Short text fragments from websites:
※

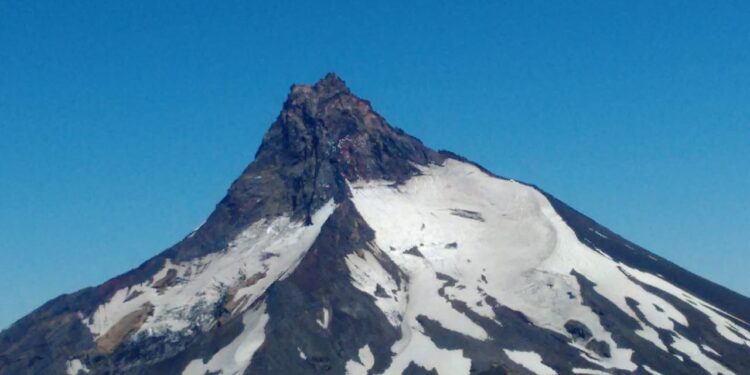 familiares de Argentinos fallecidos en volcán Puntiagudo agradecen a Chilenos.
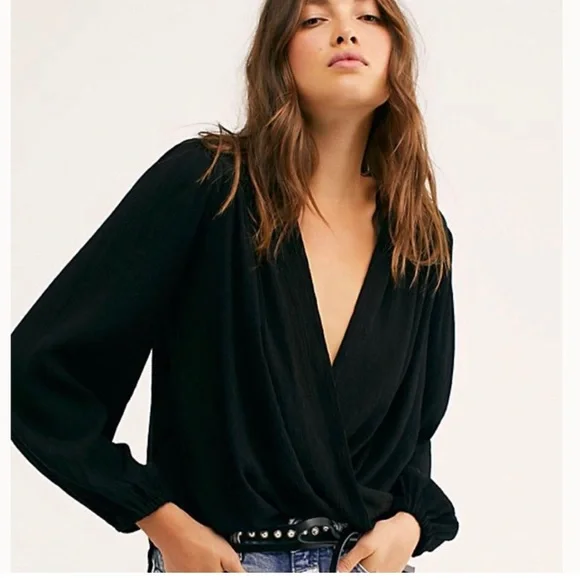 Free People wrap blouse Tee long sleeve v-neck Black flowy top - Picture 1 of 7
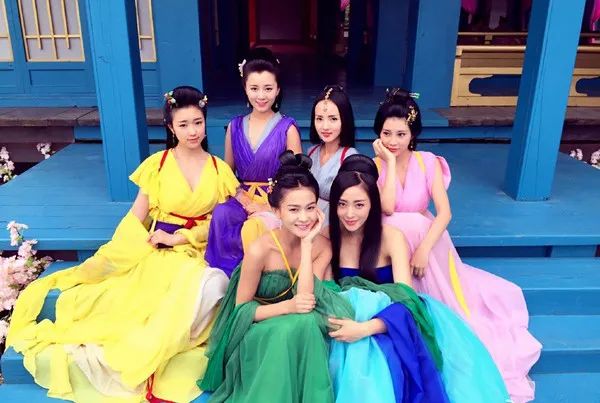 海岩之子执导的「太子妃升职记」，为何能用90万成本赚27亿点击量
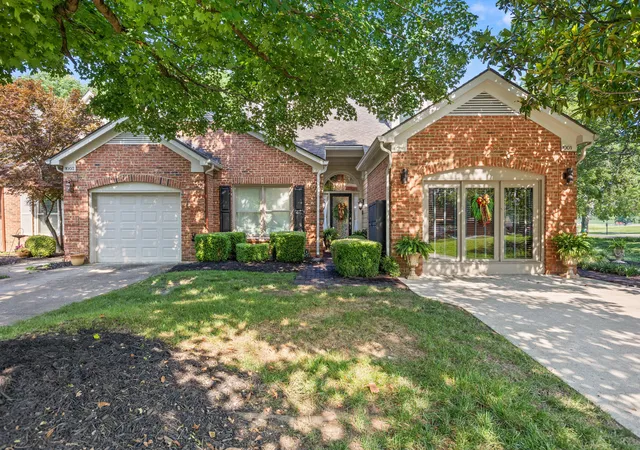 Photo 3 of Townhouse for sale at 1001 Griffin Gate Dr, Lexington, KY 40511 | MLS# 26005014 | Listing updated on 2026-03-15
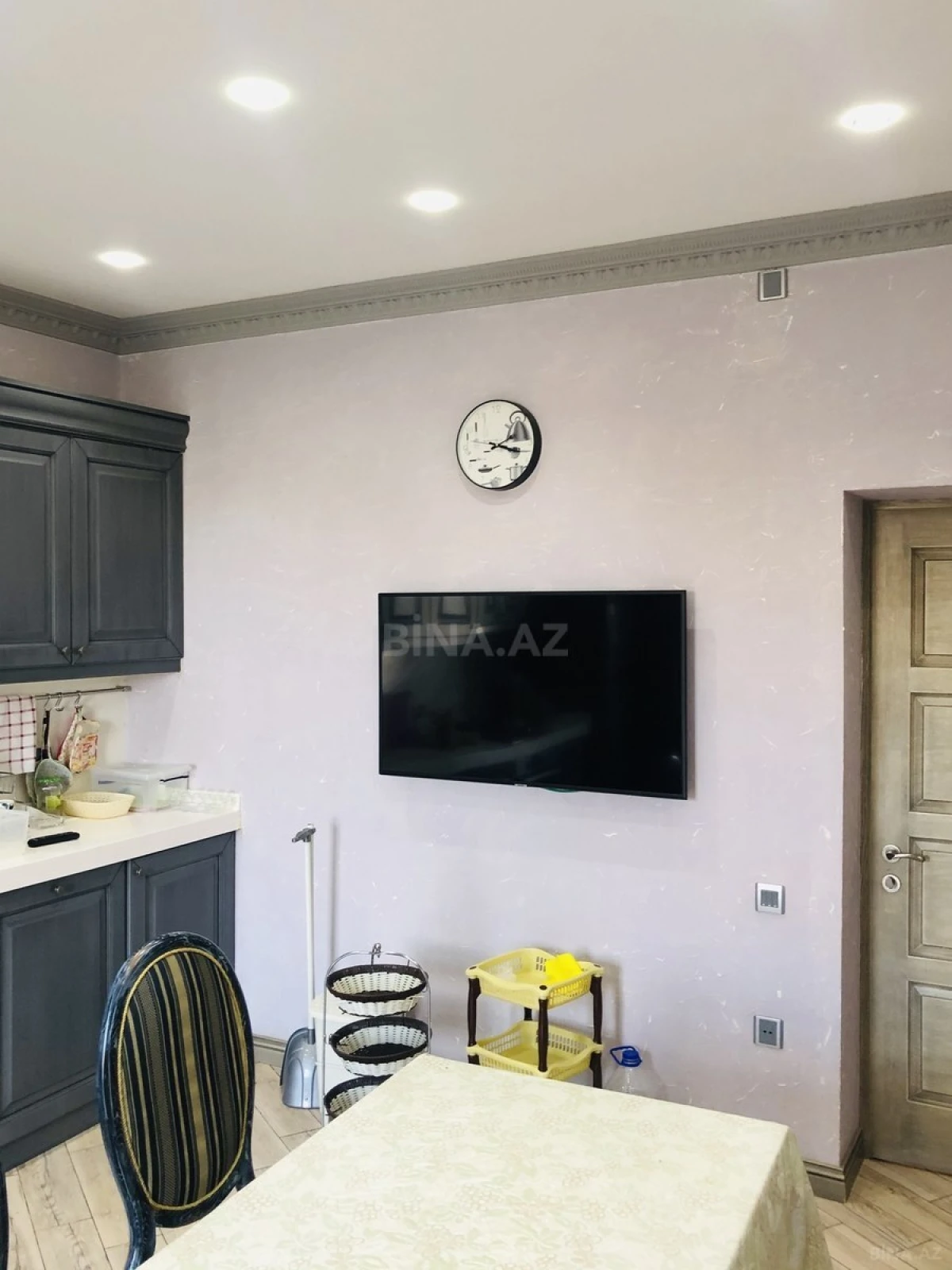 Satılır 8 otaqlı həyət evi 500 m²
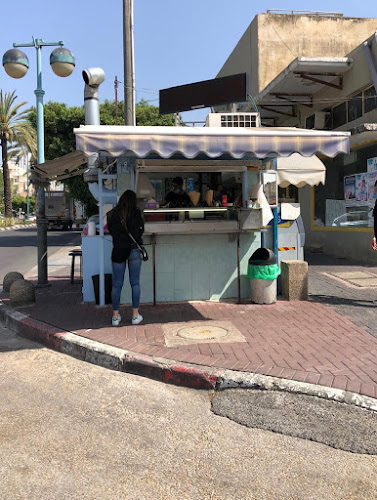 פלאפל כדורי - הבוטקה הכחול - הוד השרון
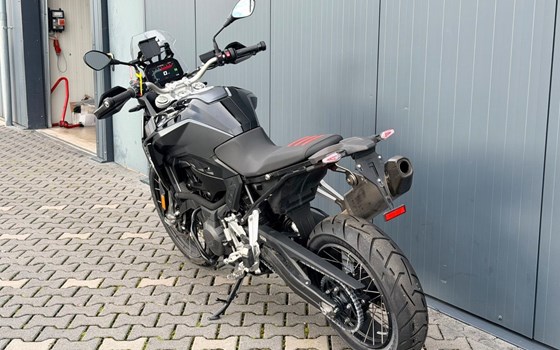 Gebrauchtmotorrad BMW F 900 GS - Bild 8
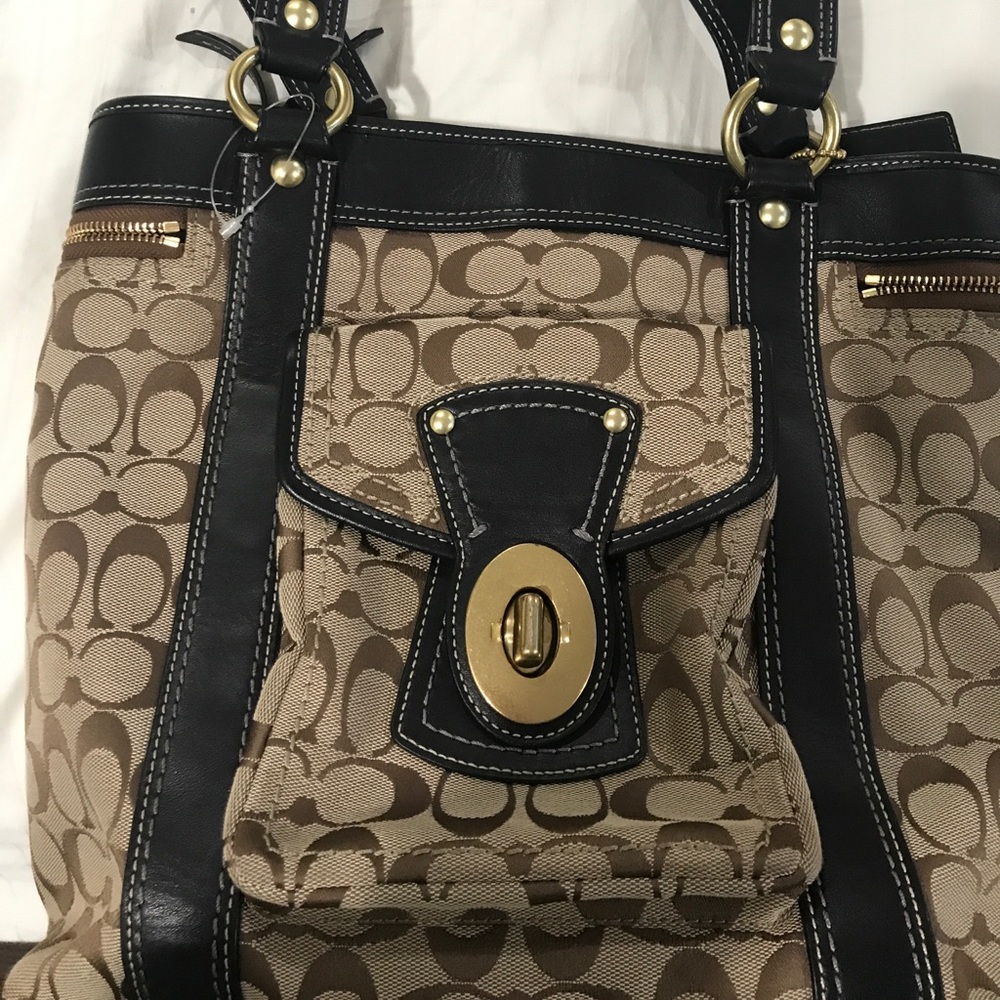 Coach shoulder bag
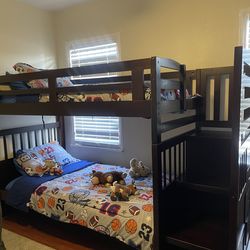 Bunk Bed w/ Drawers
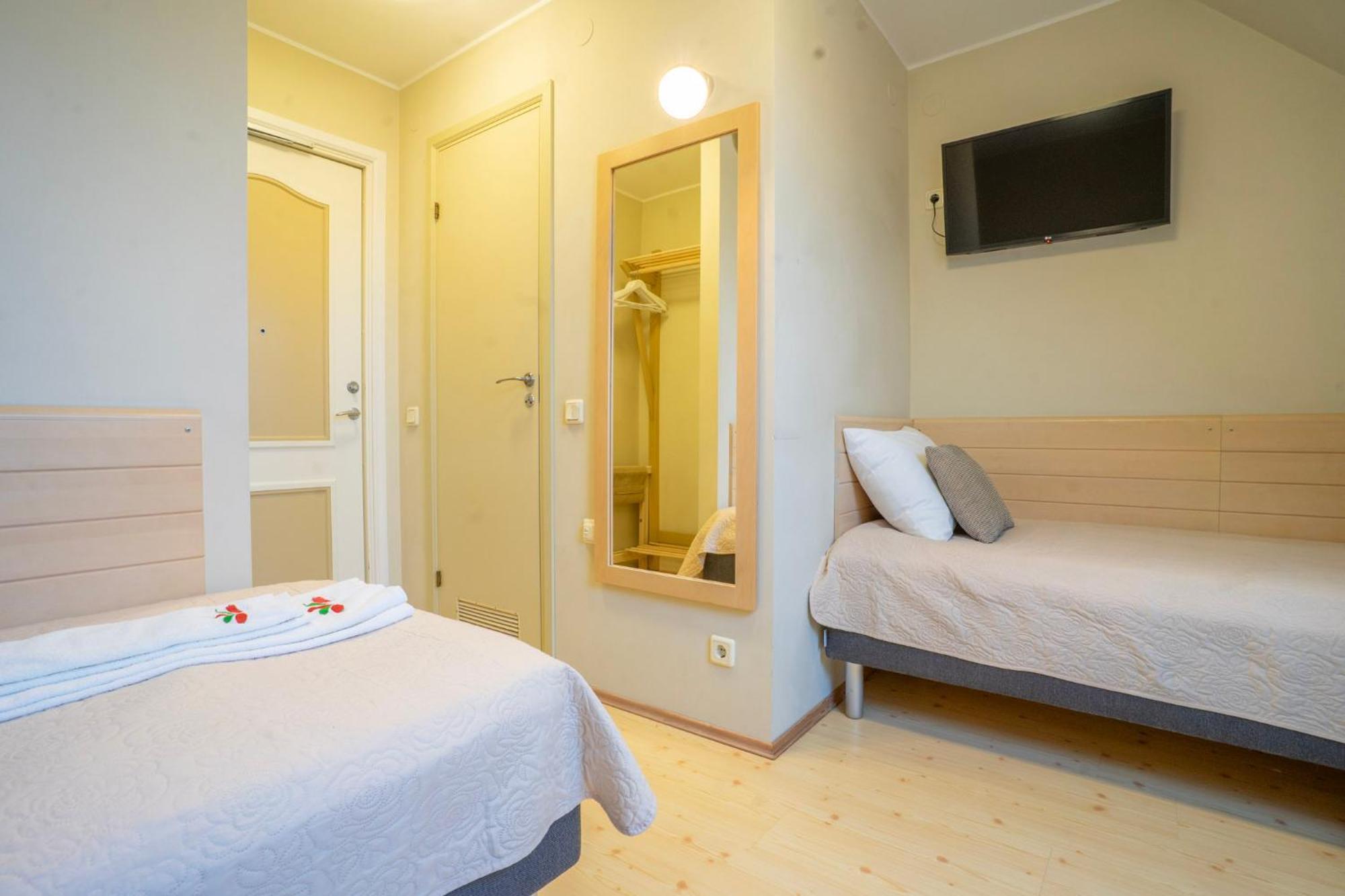Kongo Hotel Haapsalu Esterno foto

※

### About this task
Would you retype the lines from the line containing "Photo 3 of Townhouse" to the final line of the entries above, exactly as given and without pictures?

### Answer to this problem
 Photo 3 of Townhouse for sale at 1001 Griffin Gate Dr, Lexington, KY 40511 | MLS# 26005014 | Listing updated on 2026-03-15
 Satılır 8 otaqlı həyət evi 500 m²
 פלאפל כדורי - הבוטקה הכחול - הוד השרון
 Gebrauchtmotorrad BMW F 900 GS - Bild 8
 Coach shoulder bag
 Bunk Bed w/ Drawers
Kongo Hotel Haapsalu Esterno foto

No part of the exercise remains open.